When that awful word, the worst word that a woman can use to a man, left my lips, a flame shot up into his eyes that I thought would burn me up, but in a half-second it was extinguished by the strangest thing in the world--for the situation--a perfect flood of mirth. He sat down in his chair and shook all over with his head in his hands until I saw tears creep through his fingers. I had calmed down so suddenly that I was about to begin to cry in good earnest when he wiped his eyes and said with a low laugh in his throat:

"The case is yours, Molly, settled out of court, and the 'possession-nine-points-of-the-law clause' works in some cases for a woman against a man. Generally speaking, anyway, the pup belongs to the man who can whistle him down and you can whistle Bill from me any day.

I'm just his father and what I think or want doesn't matter. You had better take him and keep him!"

"I intend to." I answered haughtily, uncertain as to whether I had better give in and be agreeable or stay prepared to cry in case there was further argument. But suddenly a strange diffidence came into his eyes and he looked away from me as he said in queer hesitating words:

"You see, Mrs. Molly, I thought from now on your life wouldn't have exactly a place for Bill. Have you considered that you have trained him to demand you all the time and all of you? How would you manage Bill--and--and other claims?"
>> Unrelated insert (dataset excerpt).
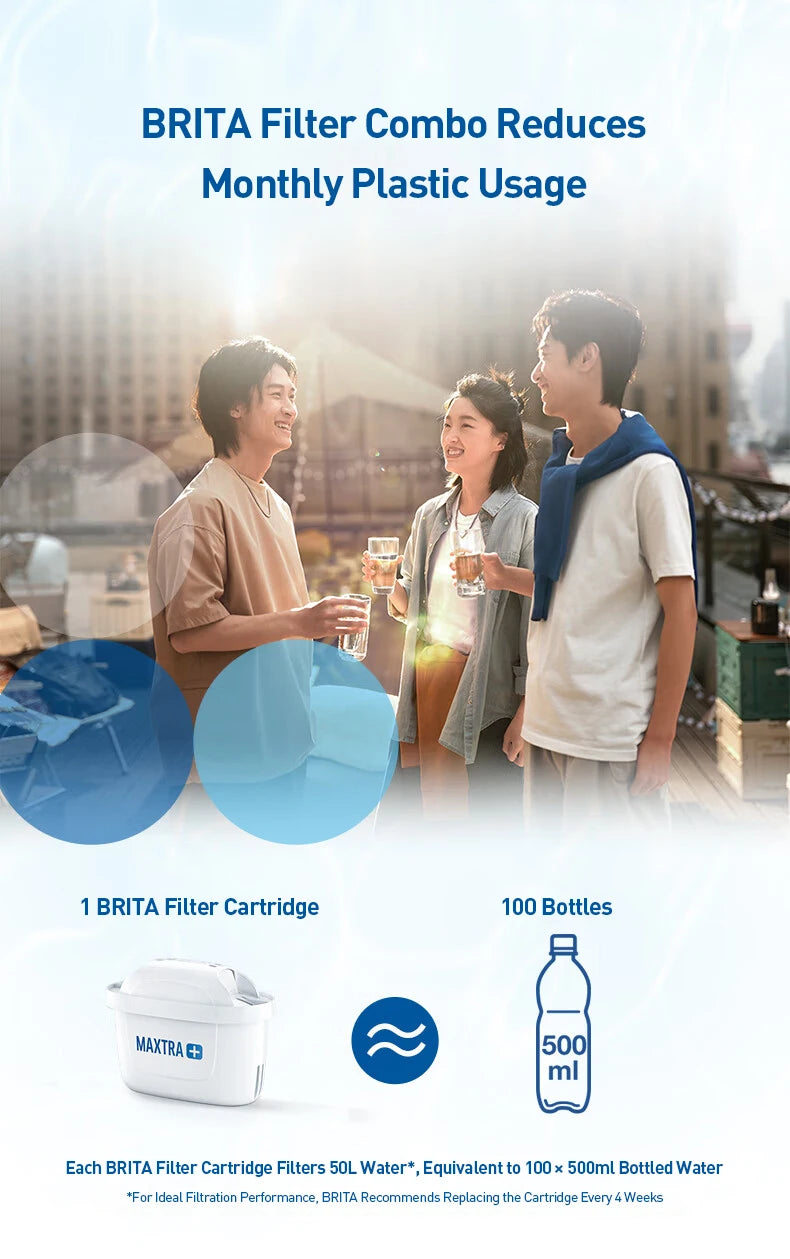 Universal Water Filter Replacement Cartridges - 13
And if there is a contagious thing in this world it is embarra.s.sment. I never felt anything worse in all my life than the shame that swept over me in a great hot wave when that look came into his eyes and made me realize just exactly what I had been saying to him, about what, and how I had said it. I stood perfectly still, shook all over like a leaf, and wondered if I would ever be able to raise my eyes from the ground. A dizzy nauseated feeling for myself rose up in me against myself and I was just about to turn on my heels and leave him, I hoped for ever, when he came over and laid his hand on my shoulder.

"Molly," he said in a voice that might have come down from heaven on dove wings, "you can't for a moment feel or think that I don't realize and appreciate what you have been to the motherless little chap, and for life I am yours at command, as he is. I really thought it would be a relief to you to have him taken away from you for just a little while right now, and I still think it is best; but not unless you consent. You shall have him back whenever you are ready for him, and at all times both he and I are at your service to the whole of our kingdoms. Just think the matter over, won't you, and decide what you want me to do?"

Something in me died for ever, I think, when he spoke to me like that.

He's not like other men and there aren't any other men on earth but him!

All the rest are just bugs or bats or something worse. And I'm not anything myself. There's no excuse for my living and I wish I wasn't so healthy and likely to go on doing it. It was all over and there was nothing left for me to live for, and before I could stop myself I buried my face in my hands.